A Brief Introduction to Histograms
Visual analytics is defined as the “science of analytical reasoning supported by interactive visual interfaces” (Keim, Mansmann & Thomas, 2010, p.5). According to these authors, visual analytic tools allow those making decisions the flexibility and creativity necessary to gain insight into complex problems considering the incredible storage and processing capacity of today’s devices.
There are many visualization techniques used to answer analytical problems. Among them are line plots, histograms, heat-maps, etc. One of my favorites? Histograms. Kraska (2018) state that histograms “require bining the data into buckets and then performing an aggregation per bucket” (p.2153). First introduced by Pearson (1894), histograms are a representation of the distribution of numerical data, an estimate of the probability distribution of a continuous variable.
Building a Histogram
Python and its libraries are especially suitable for visual analytics techniques. Van der Walt et. al. (2014) state that the Numpy and Matplotlib libraries in Python can be used to easily perform operations such as building histograms. We will show an example of using the Matplotlib and Numpy libraries here following the guidance set forward by Kazarinoff (2018).
Import matplotlib, numpy and, if using Jupyter notebooks, make sure to use inline
import matplotlib.pyplot as plt import numpy as np %matplotlib inline
Define a mean and a standard deviation, then use a numpy function to create an array of random numbers with a normal distribution (i.e. 200 numbers).
mu = 80 sigma = 7 x = np.random.normal(mu, sigma, size=200)
Use plt.hist() to plot the histogram along with some keyword arguments.
plt.hist(x, 20, density=True, histtype=’bar’, facecolor=’b’, alpha=0.5)
plt.show()
How to Use to Answer Analytical Problems
The following answer to an analytical problem using histograms is based on the work by Rajasekharan, Kermani, and Markovic (2018).
Question: What is the frequency distribution of the number (population) of new immigrants from the various countries to Canada in 2013?
df_can[2013].plot(kind=’hist’, figsize=(8, 5))
plt.title(‘Histogram of Immigration from 195 Countries in 2013’) # add a title to the histogram plt.ylabel(‘Number of Countries’) # add y-label plt.xlabel(‘Number of Immigrants’) # add x-label
plt.show()
This histogram is skewed right. Most countries that have migrated to Canada are providing between 0 and 5 thousand immigrants each.
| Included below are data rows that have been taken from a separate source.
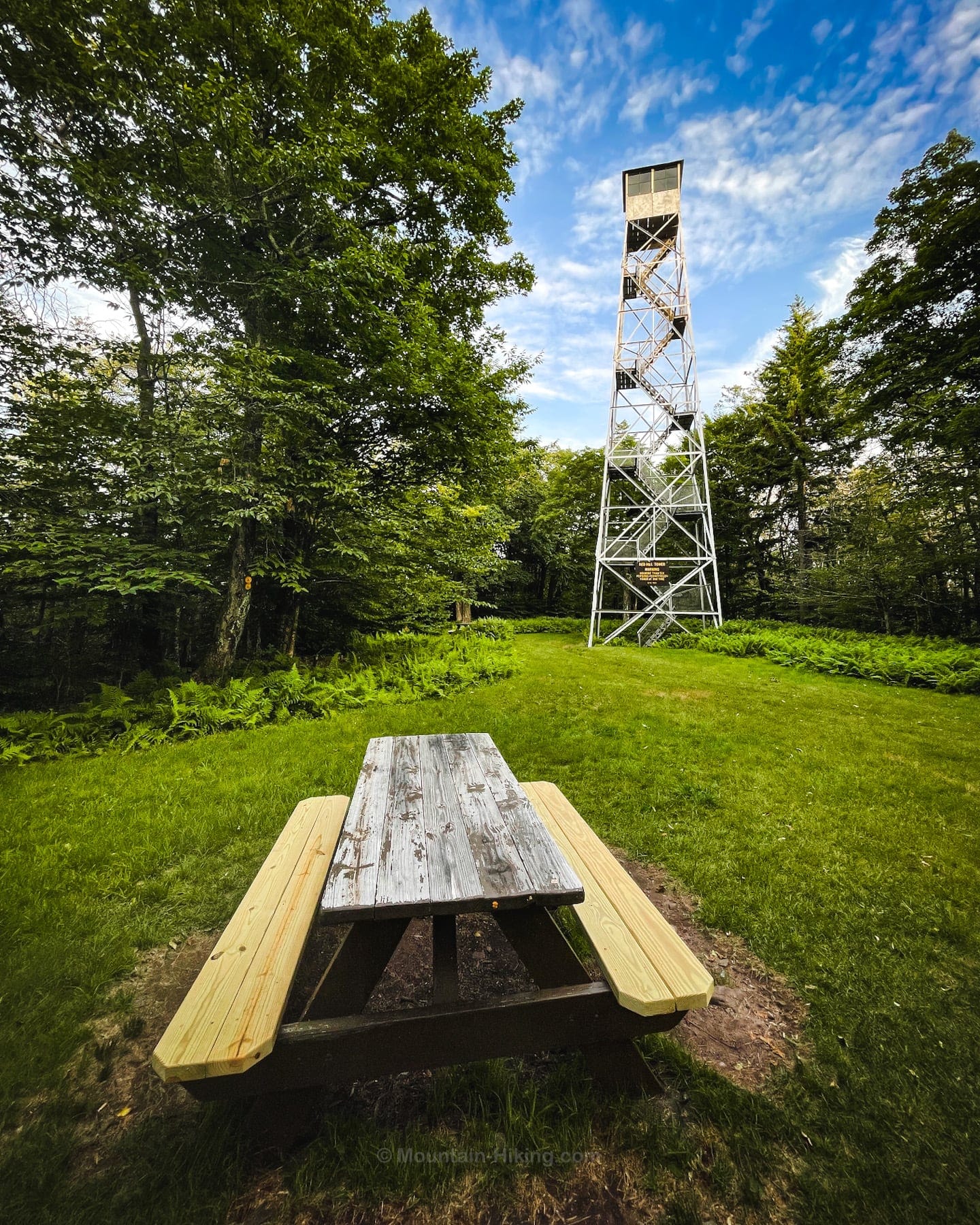 red hill picnic table and fire tower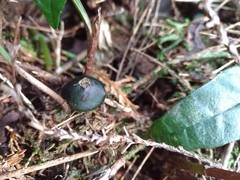 Cremastra appendiculata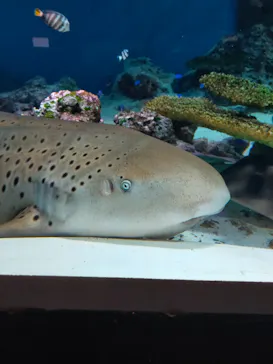 マクセル アクアパーク品川に投稿された画像（2023/7/21）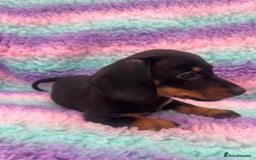 Miniature Dachshund dogs for sale: Miniature Dachshund Boys and Girls From £700 - Image 23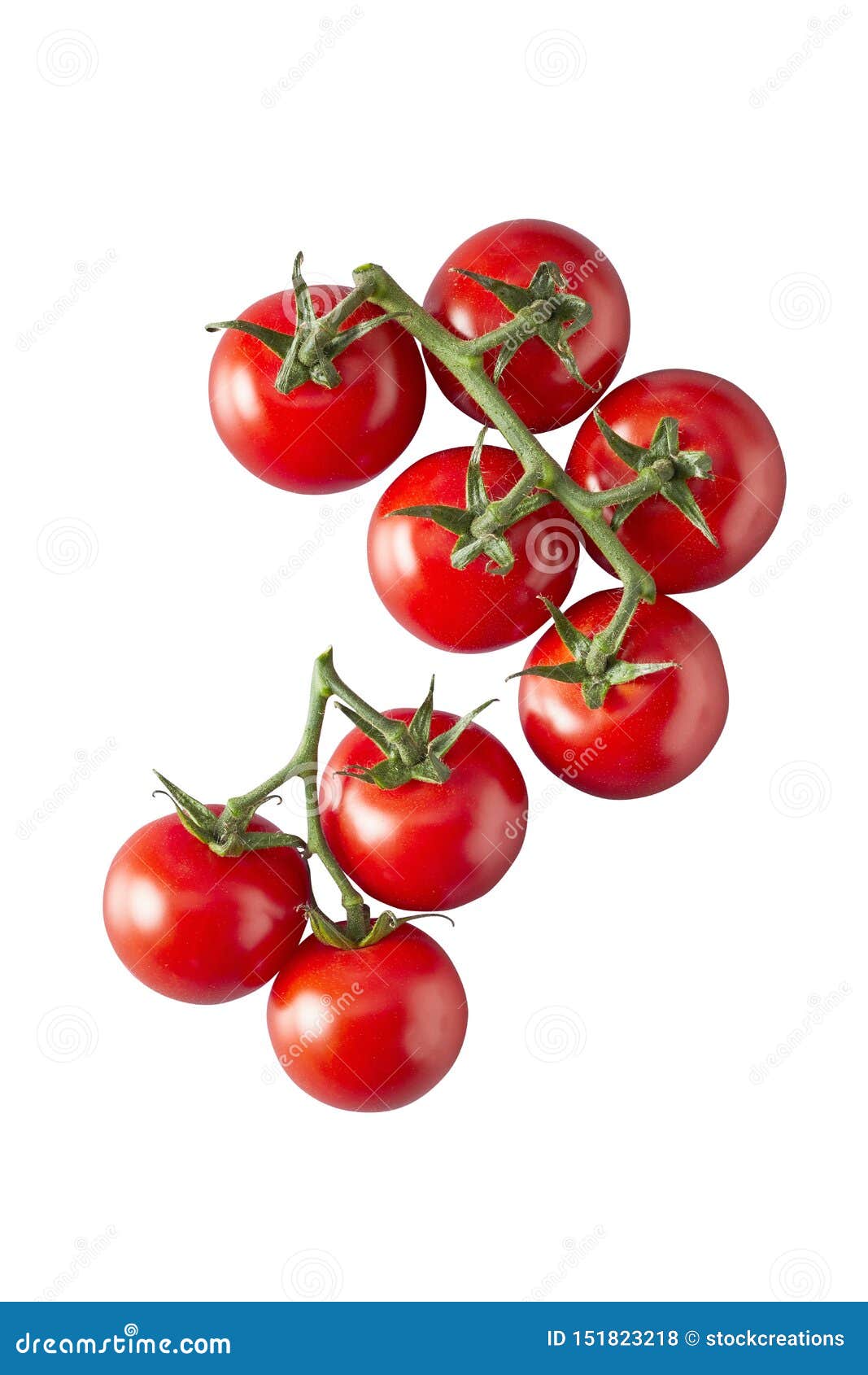 bunch of ripe red tomatoes on the vine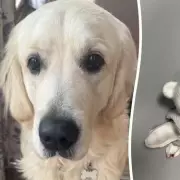 Birmingham Dog Milo Survives After Swallowing Ceramic Christmas Decoration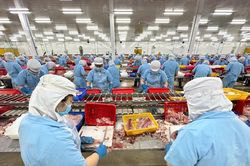 Đưa nông sản Việt vươn xa - Bài 1: Từng bước chinh phục các thị trường khó tính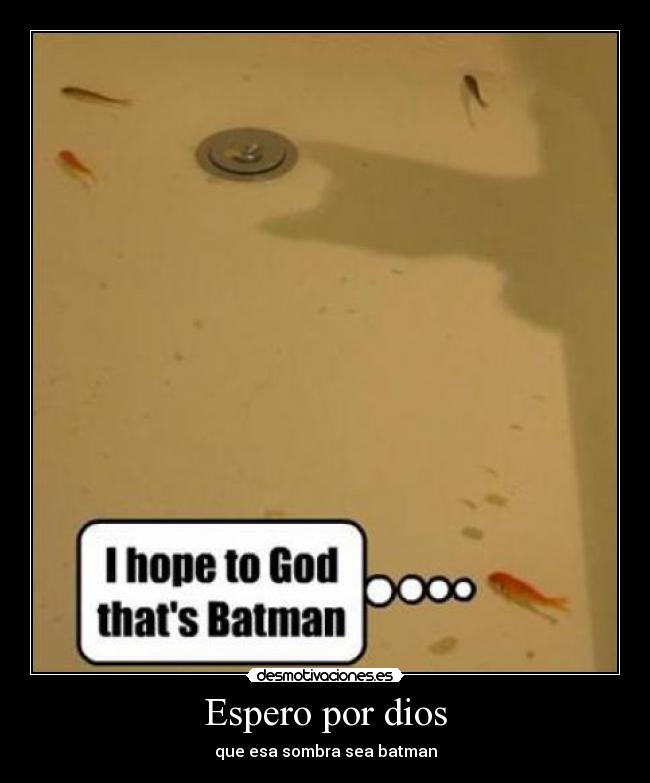 Espero por dios - que esa sombra sea batman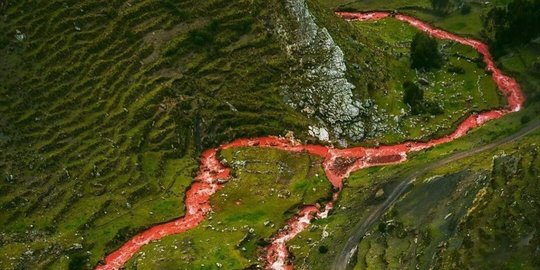 Keunikan Sungai Merah Cusco, Fenomena Tahunan di Peru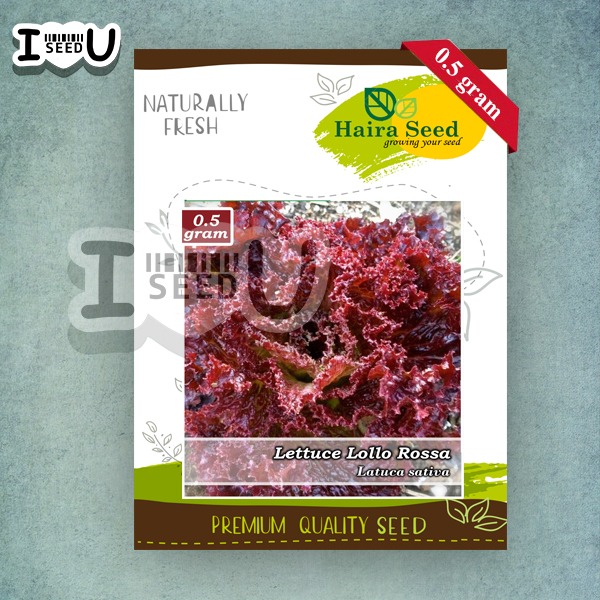 Haira Seed BIbit-Biji Selada Keriting Merah Lollo Rossa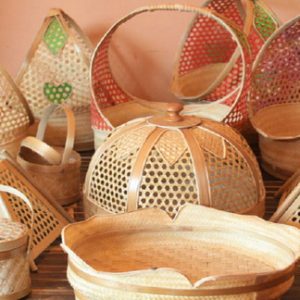 Bamboo
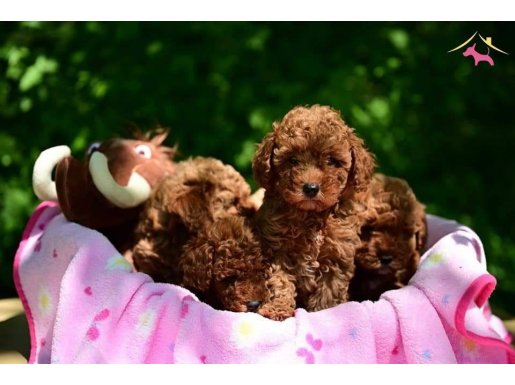 Mukemmel Poodle  Bebeklerimiz  Aşıları Tam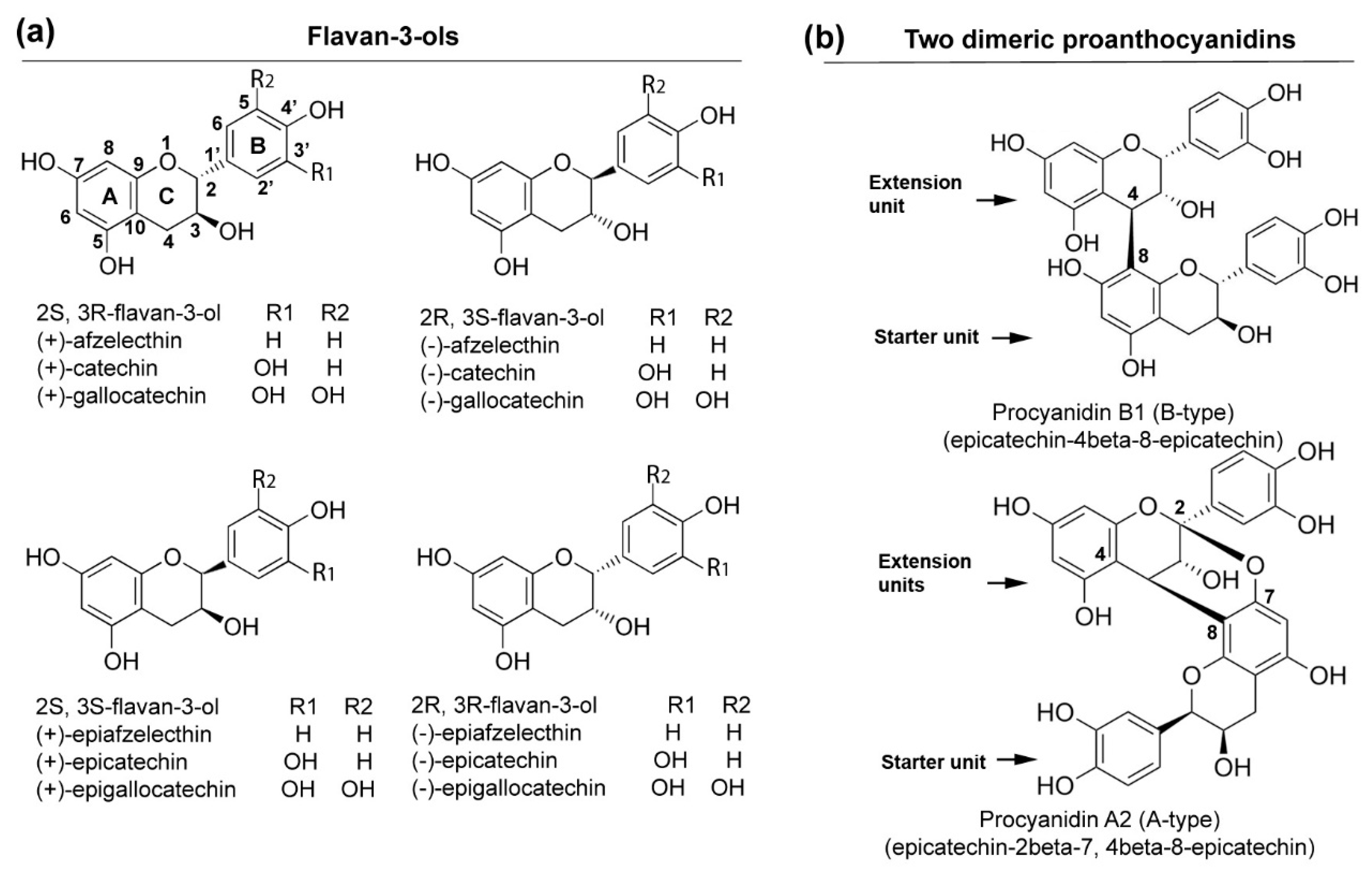 Metabolites 08 00057 g001 550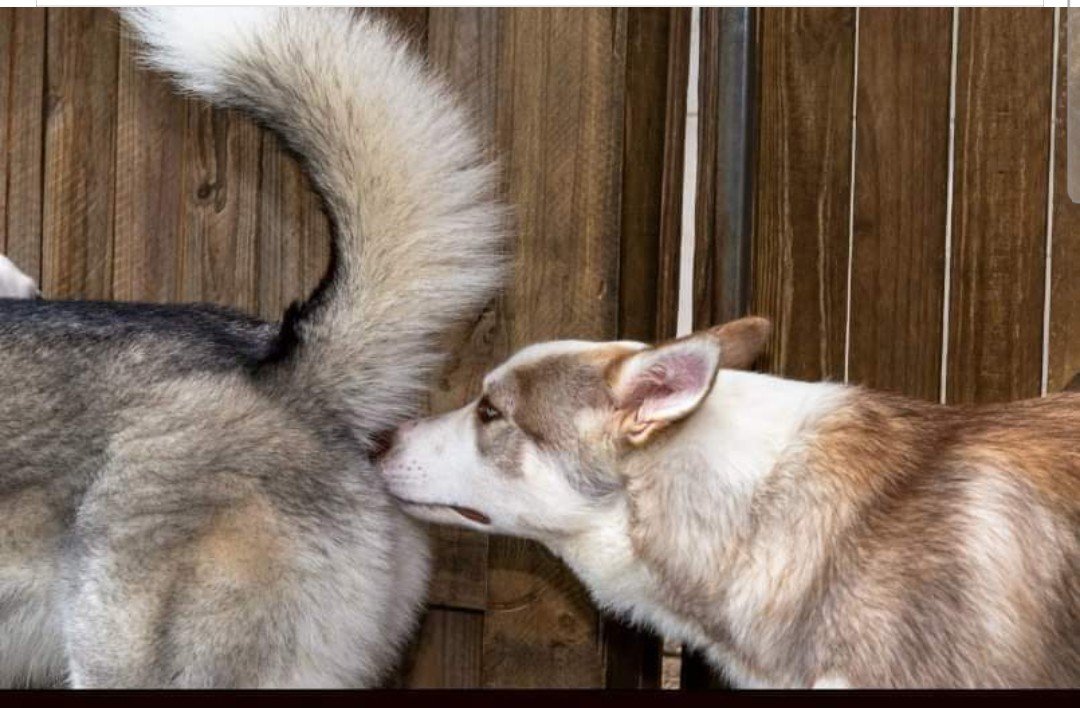 Le saviez-vous ? Un chien reçoit plus d'informations pertinentes, en reniflant le derrière d'un autre, qu'un humain qui regarde TVA nouvelles.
A few countries have provided between 10 and 15 thousand migrants, and a handful of countries have high migration rates of 30 to 35 thousand migrants.
Key Strengths and Weaknesses
Based on the work by Biehler (2005).
Strengths.
• Allow viewers to easily compare data. • Works well with large ranges of information. • Provides a more concrete form of consistency as intervals are always equal. • Great for dealing with large value ranges.
Weaknesses.
• It is extremely difficult and practically impossible to extract the exact amount of “input” in the histogram unless it is a frequency histogram. • Histograms are often considered inconvenient when comparing multiple categories.
You can view the files used for this blog by going to my Git repository.
References
Biehler, R. (2005, February). Strength and weaknesses in students’ project work in exploratory data analysis. In Proceedings of the Fourth Congress of the European Society for Research in Mathematics Education, Sant Feliu de Guíxols, Spain–17-21 February (pp. 580-590).
Kazarinoff, P. (2018, October 8). Plotting histograms with matplotlib and Python. Retrieved from https://pythonforundergradengineers.com/histogram-plots-with-matplotlib-and-python.html
Keim, D. A., Mansmann, F., & Thomas, J. (2010). Visual analytics: how much visualization and how much analytics?. ACM SIGKDD Explorations Newsletter, 11(2), 5-8.
Kraska, T. (2018). Northstar: An interactive data science system. Proceedings of the VLDB Endowment, 11(12), 2150-2164.
Pearson, K. (1894). Contributions to the mathematical theory of evolution. Philosophical Transactions of the Royal Society of London. A, 185, 71-110.
Rajasekharan, J., Kermani, E.M. & Markovic, S. (2018). Area plots, histograms, and bar plots. Retrieved from https://labs.cognitiveclass.ai/tools/jupyterlab/lab/tree/labs/DV0101EN/DV0101EN-2-2-1-Area-Plots-Histograms-and-Bar-Charts-py-v2.0.ipynb
Van der Walt, S., Schönberger, J. L., Nunez-Iglesias, J., Boulogne, F., Warner, J. D., Yager, N., … & Yu, T. (2014). scikit-image: image processing in Python. PeerJ, 2, e453.